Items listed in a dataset
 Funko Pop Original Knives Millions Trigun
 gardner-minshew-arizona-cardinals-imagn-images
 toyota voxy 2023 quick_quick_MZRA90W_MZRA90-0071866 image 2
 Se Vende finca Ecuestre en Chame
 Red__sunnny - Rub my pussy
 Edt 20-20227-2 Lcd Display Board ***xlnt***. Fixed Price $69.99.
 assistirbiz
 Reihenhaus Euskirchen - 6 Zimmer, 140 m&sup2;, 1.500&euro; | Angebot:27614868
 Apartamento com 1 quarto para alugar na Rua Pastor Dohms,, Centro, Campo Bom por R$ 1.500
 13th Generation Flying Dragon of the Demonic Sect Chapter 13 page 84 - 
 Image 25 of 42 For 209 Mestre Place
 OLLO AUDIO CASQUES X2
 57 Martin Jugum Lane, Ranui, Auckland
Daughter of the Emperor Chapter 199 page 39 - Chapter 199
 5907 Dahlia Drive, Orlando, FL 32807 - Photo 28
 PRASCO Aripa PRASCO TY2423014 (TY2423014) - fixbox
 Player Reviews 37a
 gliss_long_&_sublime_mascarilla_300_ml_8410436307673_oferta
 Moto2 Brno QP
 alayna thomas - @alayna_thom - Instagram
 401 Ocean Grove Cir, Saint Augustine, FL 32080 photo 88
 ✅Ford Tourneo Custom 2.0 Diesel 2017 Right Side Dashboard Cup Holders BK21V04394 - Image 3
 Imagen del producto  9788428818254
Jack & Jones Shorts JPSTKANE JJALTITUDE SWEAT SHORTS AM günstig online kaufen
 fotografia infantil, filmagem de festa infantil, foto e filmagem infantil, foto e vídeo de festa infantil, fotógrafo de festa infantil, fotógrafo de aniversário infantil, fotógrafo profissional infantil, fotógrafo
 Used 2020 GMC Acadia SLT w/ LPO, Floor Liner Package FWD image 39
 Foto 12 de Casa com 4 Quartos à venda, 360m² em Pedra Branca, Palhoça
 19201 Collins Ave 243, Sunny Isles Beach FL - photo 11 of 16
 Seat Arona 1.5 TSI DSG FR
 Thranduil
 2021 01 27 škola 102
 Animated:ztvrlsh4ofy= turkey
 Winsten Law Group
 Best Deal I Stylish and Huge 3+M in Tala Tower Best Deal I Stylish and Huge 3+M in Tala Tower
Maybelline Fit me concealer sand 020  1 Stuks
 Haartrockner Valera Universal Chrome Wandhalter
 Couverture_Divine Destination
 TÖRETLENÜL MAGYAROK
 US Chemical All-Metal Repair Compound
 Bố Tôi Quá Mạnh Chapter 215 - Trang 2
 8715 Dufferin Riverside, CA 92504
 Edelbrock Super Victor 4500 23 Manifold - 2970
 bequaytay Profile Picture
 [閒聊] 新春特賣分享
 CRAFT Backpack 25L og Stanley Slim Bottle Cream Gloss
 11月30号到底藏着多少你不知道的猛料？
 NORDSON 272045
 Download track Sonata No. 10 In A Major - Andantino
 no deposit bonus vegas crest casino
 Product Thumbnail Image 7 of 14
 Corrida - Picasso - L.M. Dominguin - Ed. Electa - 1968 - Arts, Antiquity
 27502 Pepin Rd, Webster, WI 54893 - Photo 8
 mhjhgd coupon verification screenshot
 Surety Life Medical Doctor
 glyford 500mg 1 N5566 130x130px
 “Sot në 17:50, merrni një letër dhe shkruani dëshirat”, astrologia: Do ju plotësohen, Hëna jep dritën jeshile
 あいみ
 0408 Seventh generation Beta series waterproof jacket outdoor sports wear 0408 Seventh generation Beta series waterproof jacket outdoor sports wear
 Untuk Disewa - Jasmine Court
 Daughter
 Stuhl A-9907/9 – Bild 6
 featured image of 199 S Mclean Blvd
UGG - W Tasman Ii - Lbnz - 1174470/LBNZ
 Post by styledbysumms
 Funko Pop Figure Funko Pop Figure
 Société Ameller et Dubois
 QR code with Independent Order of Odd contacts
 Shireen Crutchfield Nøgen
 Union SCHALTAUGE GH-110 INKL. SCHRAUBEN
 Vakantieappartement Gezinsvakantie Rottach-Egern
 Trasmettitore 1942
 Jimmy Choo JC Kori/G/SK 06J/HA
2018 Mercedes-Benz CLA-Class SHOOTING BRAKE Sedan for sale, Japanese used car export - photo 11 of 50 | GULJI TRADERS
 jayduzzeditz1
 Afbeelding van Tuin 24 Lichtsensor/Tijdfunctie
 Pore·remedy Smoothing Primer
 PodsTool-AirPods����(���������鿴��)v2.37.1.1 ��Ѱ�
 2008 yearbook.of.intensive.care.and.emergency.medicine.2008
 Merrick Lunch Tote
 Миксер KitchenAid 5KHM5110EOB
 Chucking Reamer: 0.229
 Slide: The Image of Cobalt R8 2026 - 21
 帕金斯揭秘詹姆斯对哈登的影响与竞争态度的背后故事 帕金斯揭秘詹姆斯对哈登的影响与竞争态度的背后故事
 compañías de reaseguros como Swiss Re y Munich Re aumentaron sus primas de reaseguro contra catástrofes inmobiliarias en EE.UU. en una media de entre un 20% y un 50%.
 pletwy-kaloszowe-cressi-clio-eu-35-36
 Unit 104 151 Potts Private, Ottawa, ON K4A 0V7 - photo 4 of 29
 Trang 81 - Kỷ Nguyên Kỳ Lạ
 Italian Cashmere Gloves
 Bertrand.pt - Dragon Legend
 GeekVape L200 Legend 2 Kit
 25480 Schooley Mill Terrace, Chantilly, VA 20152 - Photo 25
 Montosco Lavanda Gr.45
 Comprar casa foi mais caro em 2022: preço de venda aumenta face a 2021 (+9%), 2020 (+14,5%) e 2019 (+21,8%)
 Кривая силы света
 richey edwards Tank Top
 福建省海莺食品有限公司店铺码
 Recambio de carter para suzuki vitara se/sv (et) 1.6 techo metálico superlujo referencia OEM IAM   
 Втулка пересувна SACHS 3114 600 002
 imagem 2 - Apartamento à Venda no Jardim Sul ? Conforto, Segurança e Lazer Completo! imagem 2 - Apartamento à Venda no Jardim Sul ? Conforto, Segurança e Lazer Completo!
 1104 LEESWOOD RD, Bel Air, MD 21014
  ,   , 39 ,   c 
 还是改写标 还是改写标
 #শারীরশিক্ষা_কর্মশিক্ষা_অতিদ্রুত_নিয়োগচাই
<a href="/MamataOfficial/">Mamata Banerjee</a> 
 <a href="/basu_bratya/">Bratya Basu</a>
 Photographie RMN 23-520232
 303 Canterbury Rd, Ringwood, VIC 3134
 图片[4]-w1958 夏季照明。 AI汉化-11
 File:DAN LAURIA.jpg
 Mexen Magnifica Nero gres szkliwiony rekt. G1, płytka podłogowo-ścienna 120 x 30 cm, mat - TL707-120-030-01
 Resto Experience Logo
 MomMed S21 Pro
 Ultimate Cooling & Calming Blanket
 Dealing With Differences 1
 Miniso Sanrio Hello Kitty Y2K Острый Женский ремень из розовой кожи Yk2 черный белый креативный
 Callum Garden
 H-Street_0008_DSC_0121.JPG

## Exercise aim
Please state how many lines in the entries above include the string "href", and write only that number.

## Response to this task
2